- [PROVIDED DATA]:
★ ★ ★ ★
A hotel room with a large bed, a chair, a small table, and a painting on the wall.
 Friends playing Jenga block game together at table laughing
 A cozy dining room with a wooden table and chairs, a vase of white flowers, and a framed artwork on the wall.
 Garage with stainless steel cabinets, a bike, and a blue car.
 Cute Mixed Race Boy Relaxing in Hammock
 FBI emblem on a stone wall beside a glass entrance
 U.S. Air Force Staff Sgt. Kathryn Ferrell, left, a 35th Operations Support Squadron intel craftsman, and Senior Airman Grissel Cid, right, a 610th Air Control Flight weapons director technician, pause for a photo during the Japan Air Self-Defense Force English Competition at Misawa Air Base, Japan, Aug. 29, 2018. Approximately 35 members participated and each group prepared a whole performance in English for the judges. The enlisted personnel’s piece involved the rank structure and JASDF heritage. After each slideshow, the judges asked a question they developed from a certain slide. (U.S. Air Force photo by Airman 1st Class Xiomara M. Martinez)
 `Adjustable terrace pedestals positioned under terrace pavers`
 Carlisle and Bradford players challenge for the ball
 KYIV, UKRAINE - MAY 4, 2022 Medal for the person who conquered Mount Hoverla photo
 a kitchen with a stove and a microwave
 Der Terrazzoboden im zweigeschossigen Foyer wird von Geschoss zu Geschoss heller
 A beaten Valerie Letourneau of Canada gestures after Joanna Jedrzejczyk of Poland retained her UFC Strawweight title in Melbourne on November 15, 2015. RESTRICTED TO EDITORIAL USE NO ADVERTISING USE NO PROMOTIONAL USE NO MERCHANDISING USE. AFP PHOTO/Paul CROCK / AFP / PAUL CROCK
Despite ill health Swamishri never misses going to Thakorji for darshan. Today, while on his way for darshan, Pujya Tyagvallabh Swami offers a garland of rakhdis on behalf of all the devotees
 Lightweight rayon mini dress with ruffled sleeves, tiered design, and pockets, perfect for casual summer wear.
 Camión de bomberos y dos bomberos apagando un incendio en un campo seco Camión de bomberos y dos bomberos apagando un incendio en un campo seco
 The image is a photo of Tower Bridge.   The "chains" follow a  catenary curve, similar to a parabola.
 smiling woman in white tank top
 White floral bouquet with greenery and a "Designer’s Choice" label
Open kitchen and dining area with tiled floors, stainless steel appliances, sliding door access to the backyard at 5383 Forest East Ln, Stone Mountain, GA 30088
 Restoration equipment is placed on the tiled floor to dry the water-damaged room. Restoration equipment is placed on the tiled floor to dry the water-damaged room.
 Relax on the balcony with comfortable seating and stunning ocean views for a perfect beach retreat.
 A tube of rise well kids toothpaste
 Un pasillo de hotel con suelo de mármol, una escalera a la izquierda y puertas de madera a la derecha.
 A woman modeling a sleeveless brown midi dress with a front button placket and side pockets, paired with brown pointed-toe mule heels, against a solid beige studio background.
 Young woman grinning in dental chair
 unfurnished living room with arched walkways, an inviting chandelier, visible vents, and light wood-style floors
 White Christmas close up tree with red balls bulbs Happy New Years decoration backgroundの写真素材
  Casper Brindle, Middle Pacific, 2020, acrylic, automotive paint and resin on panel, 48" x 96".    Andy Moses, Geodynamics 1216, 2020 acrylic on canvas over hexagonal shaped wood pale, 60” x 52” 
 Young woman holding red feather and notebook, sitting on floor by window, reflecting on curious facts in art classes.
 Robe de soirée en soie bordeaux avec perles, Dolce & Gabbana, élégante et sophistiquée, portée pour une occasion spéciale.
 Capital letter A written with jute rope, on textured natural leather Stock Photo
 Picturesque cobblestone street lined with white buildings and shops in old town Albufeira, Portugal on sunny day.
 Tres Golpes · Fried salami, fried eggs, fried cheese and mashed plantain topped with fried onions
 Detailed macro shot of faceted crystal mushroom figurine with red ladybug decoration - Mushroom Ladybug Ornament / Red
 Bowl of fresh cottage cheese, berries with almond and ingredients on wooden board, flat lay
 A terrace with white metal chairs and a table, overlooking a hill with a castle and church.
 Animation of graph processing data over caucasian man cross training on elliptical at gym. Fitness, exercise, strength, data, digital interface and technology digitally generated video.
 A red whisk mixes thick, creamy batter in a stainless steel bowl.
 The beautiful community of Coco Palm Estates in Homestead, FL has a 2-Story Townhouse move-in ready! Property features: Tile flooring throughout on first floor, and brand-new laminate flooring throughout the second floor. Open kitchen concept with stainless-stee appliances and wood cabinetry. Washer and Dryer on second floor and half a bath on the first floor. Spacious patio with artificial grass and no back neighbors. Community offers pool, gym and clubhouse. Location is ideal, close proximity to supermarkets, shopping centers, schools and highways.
★ ★ ★ ★
- [AIM OF THE TASK]:
Reproduce exactly what is written in the listing above.

- [TASK OUTPUT]:
A hotel room with a large bed, a chair, a small table, and a painting on the wall.
 Friends playing Jenga block game together at table laughing
 A cozy dining room with a wooden table and chairs, a vase of white flowers, and a framed artwork on the wall.
 Garage with stainless steel cabinets, a bike, and a blue car.
 Cute Mixed Race Boy Relaxing in Hammock
 FBI emblem on a stone wall beside a glass entrance
 U.S. Air Force Staff Sgt. Kathryn Ferrell, left, a 35th Operations Support Squadron intel craftsman, and Senior Airman Grissel Cid, right, a 610th Air Control Flight weapons director technician, pause for a photo during the Japan Air Self-Defense Force English Competition at Misawa Air Base, Japan, Aug. 29, 2018. Approximately 35 members participated and each group prepared a whole performance in English for the judges. The enlisted personnel’s piece involved the rank structure and JASDF heritage. After each slideshow, the judges asked a question they developed from a certain slide. (U.S. Air Force photo by Airman 1st Class Xiomara M. Martinez)
 `Adjustable terrace pedestals positioned under terrace pavers`
 Carlisle and Bradford players challenge for the ball
 KYIV, UKRAINE - MAY 4, 2022 Medal for the person who conquered Mount Hoverla photo
 a kitchen with a stove and a microwave
 Der Terrazzoboden im zweigeschossigen Foyer wird von Geschoss zu Geschoss heller
 A beaten Valerie Letourneau of Canada gestures after Joanna Jedrzejczyk of Poland retained her UFC Strawweight title in Melbourne on November 15, 2015. RESTRICTED TO EDITORIAL USE NO ADVERTISING USE NO PROMOTIONAL USE NO MERCHANDISING USE. AFP PHOTO/Paul CROCK / AFP / PAUL CROCK
Despite ill health Swamishri never misses going to Thakorji for darshan. Today, while on his way for darshan, Pujya Tyagvallabh Swami offers a garland of rakhdis on behalf of all the devotees
 Lightweight rayon mini dress with ruffled sleeves, tiered design, and pockets, perfect for casual summer wear.
 Camión de bomberos y dos bomberos apagando un incendio en un campo seco Camión de bomberos y dos bomberos apagando un incendio en un campo seco
 The image is a photo of Tower Bridge.   The "chains" follow a  catenary curve, similar to a parabola.
 smiling woman in white tank top
 White floral bouquet with greenery and a "Designer’s Choice" label
Open kitchen and dining area with tiled floors, stainless steel appliances, sliding door access to the backyard at 5383 Forest East Ln, Stone Mountain, GA 30088
 Restoration equipment is placed on the tiled floor to dry the water-damaged room. Restoration equipment is placed on the tiled floor to dry the water-damaged room.
 Relax on the balcony with comfortable seating and stunning ocean views for a perfect beach retreat.
 A tube of rise well kids toothpaste
 Un pasillo de hotel con suelo de mármol, una escalera a la izquierda y puertas de madera a la derecha.
 A woman modeling a sleeveless brown midi dress with a front button placket and side pockets, paired with brown pointed-toe mule heels, against a solid beige studio background.
 Young woman grinning in dental chair
 unfurnished living room with arched walkways, an inviting chandelier, visible vents, and light wood-style floors
 White Christmas close up tree with red balls bulbs Happy New Years decoration backgroundの写真素材
  Casper Brindle, Middle Pacific, 2020, acrylic, automotive paint and resin on panel, 48" x 96".    Andy Moses, Geodynamics 1216, 2020 acrylic on canvas over hexagonal shaped wood pale, 60” x 52” 
 Young woman holding red feather and notebook, sitting on floor by window, reflecting on curious facts in art classes.
 Robe de soirée en soie bordeaux avec perles, Dolce & Gabbana, élégante et sophistiquée, portée pour une occasion spéciale.
 Capital letter A written with jute rope, on textured natural leather Stock Photo
 Picturesque cobblestone street lined with white buildings and shops in old town Albufeira, Portugal on sunny day.
 Tres Golpes · Fried salami, fried eggs, fried cheese and mashed plantain topped with fried onions
 Detailed macro shot of faceted crystal mushroom figurine with red ladybug decoration - Mushroom Ladybug Ornament / Red
 Bowl of fresh cottage cheese, berries with almond and ingredients on wooden board, flat lay
 A terrace with white metal chairs and a table, overlooking a hill with a castle and church.
 Animation of graph processing data over caucasian man cross training on elliptical at gym. Fitness, exercise, strength, data, digital interface and technology digitally generated video.
 A red whisk mixes thick, creamy batter in a stainless steel bowl.
 The beautiful community of Coco Palm Estates in Homestead, FL has a 2-Story Townhouse move-in ready! Property features: Tile flooring throughout on first floor, and brand-new laminate flooring throughout the second floor. Open kitchen concept with stainless-stee appliances and wood cabinetry. Washer and Dryer on second floor and half a bath on the first floor. Spacious patio with artificial grass and no back neighbors. Community offers pool, gym and clubhouse. Location is ideal, close proximity to supermarkets, shopping centers, schools and highways.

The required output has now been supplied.